Lynette Yiadom-Boakye's work has brought success and attention in recent years from contemporary art's most influential critics and institutions, but her paintings guard a kind of uncertainty which troubles close attention.

À qui appartient ce monde ?

Lynette Yiadom-Boakye, Detail of ‘Songs In The Head’ (2012), oil on canvas, 180 cm x 200 cm. Courtesy: Corvi-Mora, London and Jack Shainman Gallery, New York

By Orlando Reade

Je suis dans un bus de nuit qui traverse la ville universitaire dans laquelle je réside, et alors que nous sortons de la brume semi-hivernale qui s’est abattue juste après minuit, une conversation s’engage avec le seul autre passager.

Nous feuilletons des livres de poésie soufie que j’ai empruntés à la bibliothèque et il commence à me raconter son enfance en Iran, son éducation islamique et comment il a perdu sa foi lorsqu’il a commencé à étudier la physique théorique. Il ne se considère pas comme un musulman pratiquant, mais prie encore régulièrement un Dieu et a commencé la méditation. Après une séance de méditation intense (une technique indienne dont je ne saisis pas le nom), il a fait l’expérience de ce que l’on appelle –  et là son visage surgit à travers l’allée du bus, tout près du mien, ses sourcils relevés en signe de sincérité –  une projection astrale  : son esprit s’est libéré de son corps, ne l’a pas totalement quitté, mais est resté, tel un ballon frottant le plafond, « not far, but far ». Depuis, il n’est plus sûr que la physique, la science des corps, offre une réponse à tout.
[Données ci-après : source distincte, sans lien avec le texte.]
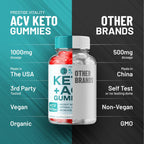 Keto Genesis ACV Gummies 1000mg – 120 Gominolas (2 Envases)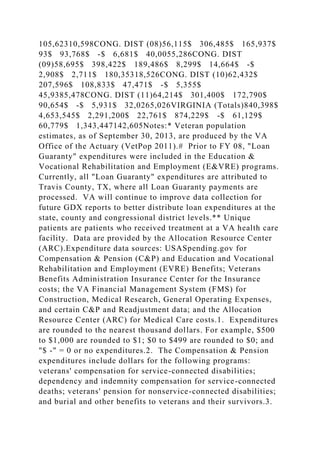 105,62310,598CONG. DIST (08)56,115$ 306,485$ 165,937$
93$ 93,768$ -$ 6,681$ 40,0055,286CONG. DIST
(09)58,695$ 398,422$ 189,486$ 8,299$ 14,664$ -$
2,908$ 2,711$ 180,35318,526CONG. DIST (10)62,432$
207,596$ 108,833$ 47,471$ -$ 5,355$
45,9385,478CONG. DIST (11)64,214$ 301,400$ 172,790$
90,654$ -$ 5,931$ 32,0265,026VIRGINIA (Totals)840,398$
4,653,545$ 2,291,200$ 22,761$ 874,229$ -$ 61,129$
60,779$ 1,343,447142,605Notes:* Veteran population
estimates, as of September 30, 2013, are produced by the VA
Office of the Actuary (VetPop 2011).# Prior to FY 08, "Loan
Guaranty" expenditures were included in the Education &
Vocational Rehabilitation and Employment (E&VRE) programs.
Currently, all "Loan Guaranty" expenditures are attributed to
Travis County, TX, where all Loan Guaranty payments are
processed. VA will continue to improve data collection for
future GDX reports to better distribute loan expenditures at the
state, county and congressional district levels.** Unique
patients are patients who received treatment at a VA health care
facility. Data are provided by the Allocation Resource Center
(ARC).Expenditure data sources: USASpending.gov for
Compensation & Pension (C&P) and Education and Vocational
Rehabilitation and Employment (EVRE) Benefits; Veterans
Benefits Administration Insurance Center for the Insurance
costs; the VA Financial Management System (FMS) for
Construction, Medical Research, General Operating Expenses,
and certain C&P and Readjustment data; and the Allocation
Resource Center (ARC) for Medical Care costs.1. Expenditures
are rounded to the nearest thousand dollars. For example, $500
to $1,000 are rounded to $1; $0 to $499 are rounded to $0; and
"$ -" = 0 or no expenditures.2. The Compensation & Pension
expenditures include dollars for the following programs:
veterans' compensation for service-connected disabilities;
dependency and indemnity compensation for service-connected
deaths; veterans' pension for nonservice-connected disabilities;
and burial and other benefits to veterans and their survivors.3.
 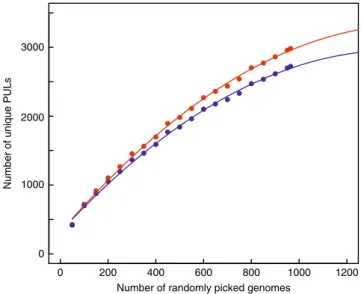 Fig. 4 Number of unique PULs according to the number of genomes analyzed. The number of PULs was calculated by randomly resampling an increasing number of genomes from our data set (x-axis)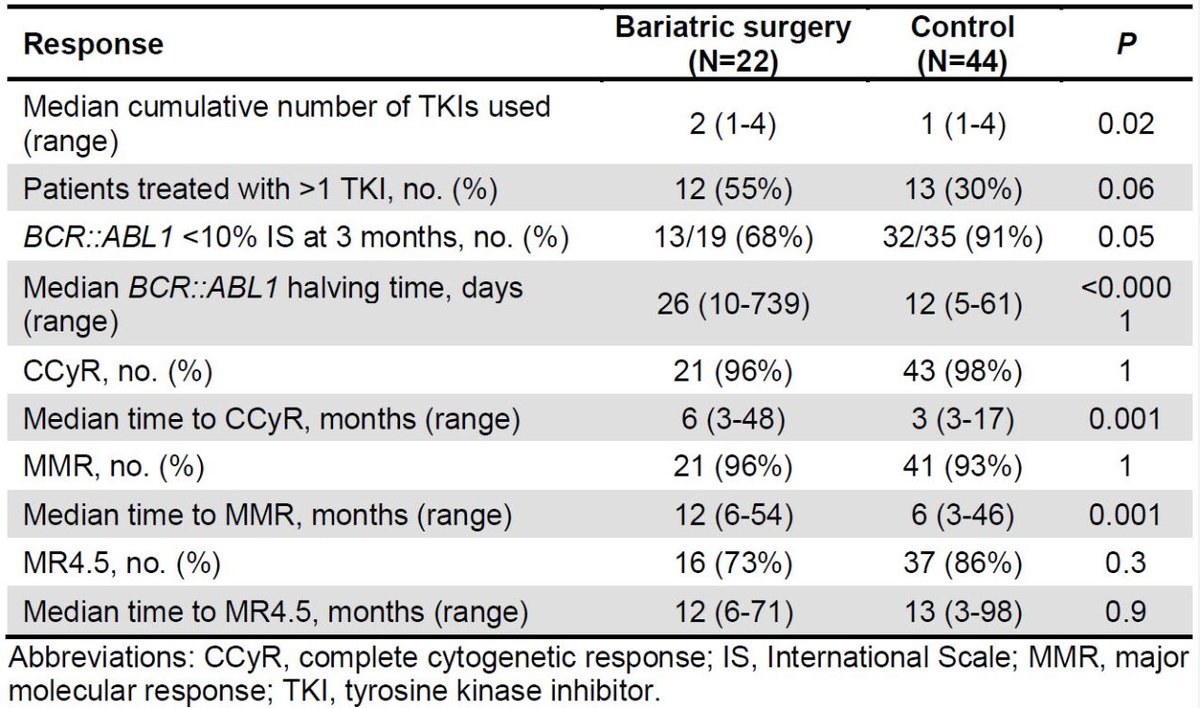 DrHKantarjian's tweet photo. Patients with #CML and bariatric surgery have suboptimal responses to oral TKIs therapy. 
@FadiHaddad_MD and @GhayasIssa of @MDAndersonNews #Leukemia 
https://t.co/hogGryHWQd @JournalCancer
#leusm #endcancer https://t.co/Ywr2qC30MK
Il existe une histoire de l’incertitude –  théorisée en mathématiques par Werner Heisenberg, éparpillée sous forme de mots par Stéphane Mallarmé et les poètes du vers libre, prolongée dans les indéterminations de l’abstraction moderniste et reprise dans l’art du portrait par Francis Bacon  – dont la puissance et la portée sont nouvellement réalisées dans l’œuvre de Lynette Yiadom-Boakye  : dans ses tableaux, l’incertitude prend l’apparence d’une dialectique d’ombre et de lumière. L’artiste, née de parents anglo-ghanéens en  1977, a produit un corpus d’œuvres plus intéressant –  du point de vue de cet observateur tout au moins  – que tout autre peintre de sa génération. Elle a gagné divers prix généreusement dotés, bénéficie d’expositions très en vue à New York, Londres et au Cap, et ses peintures se vendent désormais plusieurs milliers de livres. Ce succès est incontestable du point de vue de la logique de l’art contemporain, mais ses tableaux conservent une part d’incertitude qui trouble notre attention, interdit des conclusions hâtives sur leur signification et peut se révéler critique vis-à-vis de la puissance déroutante de son œuvre. Considérons la peinture Oyster. Le sujet de ce tableau est un corps présenté à son observateur tel un assemblage de zones sombres cernées par les coups de pinceau révélant une robe de chambre blanchâtre. Le corps est délinéé à gros traits sur les fonds du mur et du sol blanc cassé, un pastiche presque brut des doux arrière-plans de Velázquez ou Manet. Le corps, juché sur le bord d’un luxueux fauteuil rouge dans une robe de chambre et d’élégantes chaussures plates, évoque une célébrité dans sa loge, tolérant de se laisser faire le portrait, une main patiemment placée sur l’autre. Toutefois, le visage présente un enthousiasme qui trahit le corps. Les épaisses ombres noires que projette le buste du corps sur le mur arrière suggèrent les effets d’un flash de photographie. Mais l’accent que met habituellement la photographie sur les caractéristiques corporelles du sujet et le désintérêt pour le reste du monde sont ici absents  ; les coups de pinceau utilisés pour représenter ce corps n’offrent pas les attentions narcissiques que la photographie promet.  L’indétermination de ces peintures offre un miroir satirique du racismedes appareils photo.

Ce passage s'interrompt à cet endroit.